Two years ago, I packed my bags in Germany and left for Silicon Valley in pursuit of a new “intrapreneurship” opportunity after 20 years of living and breathing corporate culture. I was asked to start a new business unit within one of the world’s largest software companies.

Nurturing a startup within an established company comes with a fair share of hurdles. It demands just as much blood, sweat and tears as if you were starting your own business. Intrapreneurs require a different set of disciplines.

Here are five tips for those who decide to leave their comfort zone, quit a corporate role and start as an intrapreneur within a larger corporation.

1. Unlearn Corporate Habits and Think Startup

Be intentional about unlearning and changing specific behaviors, but not all of them. Moving from a corporate job to a startup role might seem like a complete U-turn but, truthfully, keeping some of what you learned from your corporate job will benefit you in the long run. The key is recognizing what you need to unlearn and what you keep.

Major corporate skills, such as ability to confidently engage with big enterprise customers, take a business to profitable growth or develop a solid strategy, carry over into the startup setting. Success in a startup also requires a clear vision and an almost obsessive focus on the customer, with the people being the No. 1 determinant of success.

I recently attended an executive program at Stanford where professor Robert Siegel said, “Bureaucracy is structure without purpose.” You have to be able to discern which corporate business processes serve your business and which do not and then cut out the ones that don’t — immediately. By the way, the interesting thing about this is that as an intrapreneur you can! The “wait and see” approach is definitely one of those corporate habits that has no place in this new world.

You will wear many hats during the course of one business day at a startup – from strategy to product to execution to sales. It’s just reality, and it’s extraordinary. Learn to embrace your many hats and not push back on them.

2. Don’t Fall in Love With Your Own Ideas

Many businesses fail because the creators are simply too much in love with their own ideas. There are countless stories of startups with amazing ideas offering products that are loaded with features and functions. However, the business with the most features and functions doesn’t necessarily win in the market. Test-driving different business models and pricing structures may be necessary before you get it right.

Your elevator pitch is key. Practice your elevator pitch to anyone and everyone who will listen. Do this so that you can get to the value and essence of your business, and be sure to internalize feedback (no matter how difficult it is to hear someone talk negatively).

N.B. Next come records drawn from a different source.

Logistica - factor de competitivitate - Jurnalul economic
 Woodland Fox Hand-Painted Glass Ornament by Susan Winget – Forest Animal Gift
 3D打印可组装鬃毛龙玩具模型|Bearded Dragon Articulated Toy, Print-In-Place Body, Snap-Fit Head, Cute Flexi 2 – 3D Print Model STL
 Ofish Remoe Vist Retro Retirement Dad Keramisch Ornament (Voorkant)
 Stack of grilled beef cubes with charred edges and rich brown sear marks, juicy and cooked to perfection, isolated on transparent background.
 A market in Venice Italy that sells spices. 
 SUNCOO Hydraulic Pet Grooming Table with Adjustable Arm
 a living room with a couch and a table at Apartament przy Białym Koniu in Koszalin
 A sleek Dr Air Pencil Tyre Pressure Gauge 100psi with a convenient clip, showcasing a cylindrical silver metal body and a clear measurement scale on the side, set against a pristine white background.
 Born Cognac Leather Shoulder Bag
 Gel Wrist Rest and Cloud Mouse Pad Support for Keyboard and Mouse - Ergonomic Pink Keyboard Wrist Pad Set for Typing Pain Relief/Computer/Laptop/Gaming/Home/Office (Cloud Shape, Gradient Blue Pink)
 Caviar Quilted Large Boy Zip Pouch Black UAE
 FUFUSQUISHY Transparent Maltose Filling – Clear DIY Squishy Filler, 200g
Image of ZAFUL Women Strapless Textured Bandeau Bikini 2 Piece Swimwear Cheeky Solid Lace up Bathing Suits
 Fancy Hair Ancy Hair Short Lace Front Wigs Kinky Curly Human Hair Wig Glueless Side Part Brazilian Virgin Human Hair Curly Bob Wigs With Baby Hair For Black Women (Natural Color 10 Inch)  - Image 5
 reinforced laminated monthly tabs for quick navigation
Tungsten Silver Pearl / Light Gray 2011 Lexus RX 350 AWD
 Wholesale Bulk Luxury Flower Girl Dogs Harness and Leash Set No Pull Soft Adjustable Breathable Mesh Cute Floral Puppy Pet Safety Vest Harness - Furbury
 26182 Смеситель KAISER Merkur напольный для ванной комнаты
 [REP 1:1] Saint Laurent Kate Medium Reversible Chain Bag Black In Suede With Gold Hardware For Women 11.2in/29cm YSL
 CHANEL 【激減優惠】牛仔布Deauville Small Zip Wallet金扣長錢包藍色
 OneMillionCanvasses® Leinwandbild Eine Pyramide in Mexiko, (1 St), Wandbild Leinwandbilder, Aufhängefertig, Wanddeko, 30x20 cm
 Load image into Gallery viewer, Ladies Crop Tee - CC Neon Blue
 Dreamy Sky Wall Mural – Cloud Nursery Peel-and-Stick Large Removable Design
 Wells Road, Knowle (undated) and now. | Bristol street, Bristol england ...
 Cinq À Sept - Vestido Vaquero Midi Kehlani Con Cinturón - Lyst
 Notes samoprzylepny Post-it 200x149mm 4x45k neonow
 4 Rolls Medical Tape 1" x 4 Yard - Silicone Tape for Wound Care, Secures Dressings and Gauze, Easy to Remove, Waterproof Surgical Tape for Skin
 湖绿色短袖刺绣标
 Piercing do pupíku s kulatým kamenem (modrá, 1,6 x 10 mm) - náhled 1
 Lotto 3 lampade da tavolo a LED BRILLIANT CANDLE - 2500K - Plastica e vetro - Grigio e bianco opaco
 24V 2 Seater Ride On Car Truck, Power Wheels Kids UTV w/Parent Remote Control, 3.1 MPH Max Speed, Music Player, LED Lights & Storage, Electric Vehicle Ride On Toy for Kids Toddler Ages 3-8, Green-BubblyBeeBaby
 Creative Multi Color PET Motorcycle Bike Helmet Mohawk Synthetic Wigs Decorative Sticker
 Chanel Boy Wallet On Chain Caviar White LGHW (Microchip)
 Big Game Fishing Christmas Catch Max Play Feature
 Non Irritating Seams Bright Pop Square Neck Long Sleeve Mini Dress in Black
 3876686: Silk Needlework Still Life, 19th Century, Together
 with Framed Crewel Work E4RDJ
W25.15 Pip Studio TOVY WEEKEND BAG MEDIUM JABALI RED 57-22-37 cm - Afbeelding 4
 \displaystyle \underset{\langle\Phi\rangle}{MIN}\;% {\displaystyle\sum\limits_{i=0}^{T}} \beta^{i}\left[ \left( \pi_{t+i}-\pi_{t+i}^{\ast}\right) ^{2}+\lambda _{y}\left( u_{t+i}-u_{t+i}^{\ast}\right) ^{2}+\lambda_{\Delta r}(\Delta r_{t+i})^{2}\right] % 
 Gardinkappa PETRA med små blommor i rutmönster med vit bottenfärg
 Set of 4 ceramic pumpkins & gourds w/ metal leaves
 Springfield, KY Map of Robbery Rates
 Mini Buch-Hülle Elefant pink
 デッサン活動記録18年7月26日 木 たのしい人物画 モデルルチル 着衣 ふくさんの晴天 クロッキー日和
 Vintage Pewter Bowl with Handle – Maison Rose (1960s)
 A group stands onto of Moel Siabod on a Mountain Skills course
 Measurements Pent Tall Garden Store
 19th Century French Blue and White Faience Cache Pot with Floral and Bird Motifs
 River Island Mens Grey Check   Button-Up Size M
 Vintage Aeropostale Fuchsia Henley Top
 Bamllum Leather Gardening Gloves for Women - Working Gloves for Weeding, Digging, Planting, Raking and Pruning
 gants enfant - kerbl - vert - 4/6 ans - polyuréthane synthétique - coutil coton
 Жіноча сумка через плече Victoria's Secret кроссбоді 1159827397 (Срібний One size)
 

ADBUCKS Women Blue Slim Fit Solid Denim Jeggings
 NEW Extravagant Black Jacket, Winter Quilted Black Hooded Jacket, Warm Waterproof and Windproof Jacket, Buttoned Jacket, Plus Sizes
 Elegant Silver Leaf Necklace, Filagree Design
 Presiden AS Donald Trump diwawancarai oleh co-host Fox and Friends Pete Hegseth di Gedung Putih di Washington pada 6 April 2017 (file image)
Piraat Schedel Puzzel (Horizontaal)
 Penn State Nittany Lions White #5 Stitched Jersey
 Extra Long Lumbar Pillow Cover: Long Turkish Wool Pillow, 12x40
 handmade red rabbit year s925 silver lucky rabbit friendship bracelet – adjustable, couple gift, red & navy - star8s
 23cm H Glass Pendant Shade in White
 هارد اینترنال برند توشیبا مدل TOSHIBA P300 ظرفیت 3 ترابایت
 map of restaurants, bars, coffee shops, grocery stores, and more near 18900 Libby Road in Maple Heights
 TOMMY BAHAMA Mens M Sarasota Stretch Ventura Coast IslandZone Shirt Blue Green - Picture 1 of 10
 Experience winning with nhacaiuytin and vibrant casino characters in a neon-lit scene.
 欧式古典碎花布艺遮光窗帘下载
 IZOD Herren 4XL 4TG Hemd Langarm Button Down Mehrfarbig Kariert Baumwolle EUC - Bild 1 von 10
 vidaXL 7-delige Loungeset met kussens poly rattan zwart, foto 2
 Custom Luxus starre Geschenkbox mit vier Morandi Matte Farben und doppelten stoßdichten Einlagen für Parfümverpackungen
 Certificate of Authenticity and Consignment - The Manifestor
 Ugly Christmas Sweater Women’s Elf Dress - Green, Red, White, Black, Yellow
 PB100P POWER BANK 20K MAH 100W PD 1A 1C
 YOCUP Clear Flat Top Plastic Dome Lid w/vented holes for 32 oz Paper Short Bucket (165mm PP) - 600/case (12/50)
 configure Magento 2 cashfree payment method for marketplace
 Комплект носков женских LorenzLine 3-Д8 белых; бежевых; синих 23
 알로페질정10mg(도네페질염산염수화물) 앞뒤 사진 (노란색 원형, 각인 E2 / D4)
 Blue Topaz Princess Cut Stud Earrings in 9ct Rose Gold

Related Article: Get Ready for the Age of the Intrapreneur

3. Seeing Is Believing

There are many advantages to having a large corporation backing you. Among other things, you can take advantage of its brand power and its established go-to-market channels. But be clear about one thing: From the minute you launch your internal startup, you are on a clock. I am “genetically” an optimist, but I can tell you that if you cannot demonstrate tangible results quickly, you will fail and it will impact the team.

Learning Opportunities

Even if you are successful by startup standards, your achievements will likely still be fairly small in comparison to the rest of the large company. So you need to have thick skin, and you should minimize bureaucracy and leverage your network to grow the business.

4. Choose Your Own Destiny and Learn to Fail Properly

In the beginning, your team is your business. All you have is an idea and a small team. Focus No. 1 is building your team with the right people. Do that before delivering content. You will be haunted for a long time if you reverse that order. I believe strongly in picking your own team, because you will be counting on every single team member to be CEOs in their own right with full accountability. You need people who share your passion, vision and values as you start to build the brand. Choosing your own team is not a luxury, it is a necessity if you want to realize your dreams.

Be sure to choose people who are resilient and resourceful. By the way, chances are you won’t get your offering right the first time. Edison is said to have gone through 1,000 unsuccessful attempts at inventing the light bulb. The creator of Dyson vacuums went through more than 5,000 failed prototypes and spent his life savings before it finally worked.

Therefore, you should plan on failing. To make the failures absorbable, recognize that you will need multiple iterations before you get it right.

Related Article: Creating Value From Chaos: Defining and Encouraging Innovation

5. Stories (not Slides) Inspire

Of course, when founding a startup, you have to iterate and circulate your vision, strategy and business plan. And the plan has to be sound. An entrepreneur’s biggest enemy in building a startup is time. A speedy time to market could be the difference between life and death. The only thing that matters to the outside world is the impact your operation has on customers. Get your customers to talk about you and the benefits you gave them. Stories evoke empathy. Customers are the best advocates and influencers that you could ever have.

Get the results first, then communicate and spread the word.